Un groupe réclame la légalisation des poules pondeuses à Montréal

L’opération du CRAPAUD vise à réhabiliter uniquement les poules pondeuses dans le paysage urbain.
Photo: - Le Devoir L’opération du CRAPAUD vise à réhabiliter uniquement les poules pondeuses dans le paysage urbain.

Montréal — Un groupe réclame la légalisation de l'élevage de poules pondeuses à Montréal et demande à la ville de tenir des consultations publiques à ce sujet.

Le collectif de recherche sur l'aménagement paysager et l'agriculture urbaine durable (CRAPAUD) a lancé une pétition, hier matin, afin d'amener les élus de Montréal à se pencher sur la question de la cohabitation avec les poules.

L'élevage de poules est interdit à Montréal depuis 1966. Pourtant, plusieurs villes nord-américaines, dont Vancouver, permettent aux citoyens de posséder un nombre restreint de ce volatile pour la consommation personnelle.

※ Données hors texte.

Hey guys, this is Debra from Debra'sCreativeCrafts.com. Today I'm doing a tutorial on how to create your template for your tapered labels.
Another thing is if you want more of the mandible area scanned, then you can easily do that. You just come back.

Pour l'instant, le CRAPAUD précise que l'opération vise à réhabiliter uniquement les poules pondeuses dans le paysage urbain, pas toute la bassecour.

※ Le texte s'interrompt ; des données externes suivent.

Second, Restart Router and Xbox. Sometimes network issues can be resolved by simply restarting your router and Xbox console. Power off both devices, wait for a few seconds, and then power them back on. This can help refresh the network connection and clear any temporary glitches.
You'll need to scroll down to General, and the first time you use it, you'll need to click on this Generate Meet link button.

Le cofondateur du collectif, Jean-Phillippe Vermette, est conscient des préjugés qui accompagnent ce volatile, touchant principalement les risques pour la santé publique. Il assure qu'avec un bon contrôle de la salubrité et en permettant la possession d'un nombre restreint de poules, les risques de contracter des maladies, la grippe aviaire notamment, sont assez réduits.

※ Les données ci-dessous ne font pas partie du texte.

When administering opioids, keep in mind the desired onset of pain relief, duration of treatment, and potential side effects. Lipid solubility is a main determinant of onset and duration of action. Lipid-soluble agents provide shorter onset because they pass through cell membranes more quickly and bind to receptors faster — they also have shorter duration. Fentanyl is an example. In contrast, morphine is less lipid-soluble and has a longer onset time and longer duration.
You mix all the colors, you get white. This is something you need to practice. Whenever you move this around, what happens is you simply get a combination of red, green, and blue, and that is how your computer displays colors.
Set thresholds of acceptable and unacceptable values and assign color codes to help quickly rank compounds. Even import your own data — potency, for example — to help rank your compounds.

«Si c'est bien contrôlé, si on limite le nombre de poules par bâtisse, il n'y aura aucun problème. Ça se fait ailleurs, à Vancouver, Victoria, Guelph, Kingston, Niagara Falls, des villes qui peuvent ressembler à Montréal.»

M. Vermette explique que, dans la plupart des villes où l'élevage est permis, les citoyens ne peuvent posséder plus de quatre poules et doivent avoir un terrain pour les élever.

Montréalais d'origine, Olivier Lamoureux habite maintenant Ormstown, en Montérégie, et fait partie d'une coopérative de travail dans une ferme maraîchère. Les membres de la coopérative possèdent une vingtaine de poules pondeuses, toutes destinées à leur consommation personnelle.

Selon lui, l'entretien lié à l'élevage de poules est plutôt simple, et les coûts sont minimes. «Si vous avez un chien, un chat ou un hamster, vous pouvez avoir une poule», a-t-il résumé.

Au sujet des petits inconvénients qui pourraient inquiéter le voisinage, comme le bruit et les odeurs, il se fait rassurant. «Les poules ne font pas de bruit, surtout si on en a seulement deux. C'est plus quand ça pond que ça va faire des petits cris. Ce n'est pas comme un coq, qui va chanter dès 4h30 le matin.» Toutefois, il n'est pas nécessaire d'avoir un coq si les poules sont destinées à produire des oeufs.

M. Vermette affirme que le CRAPAUD a déjà tenté d'approcher la Ville à ce sujet, mais qu'il a été renvoyé aux différents arrondissements.

Le CRAPAUD a donc choisi de créer un mouvement citoyen afin de convaincre la Ville qu'il y a bel et bien une demande pour une révision de cette loi.

Actuellement, un Montréalais pris en flagrant délit de possession de poules en ville s'expose à une amende de 100 $ pour une première infraction.

La pétition peut être signée en ligne à mapouleamontreal.com.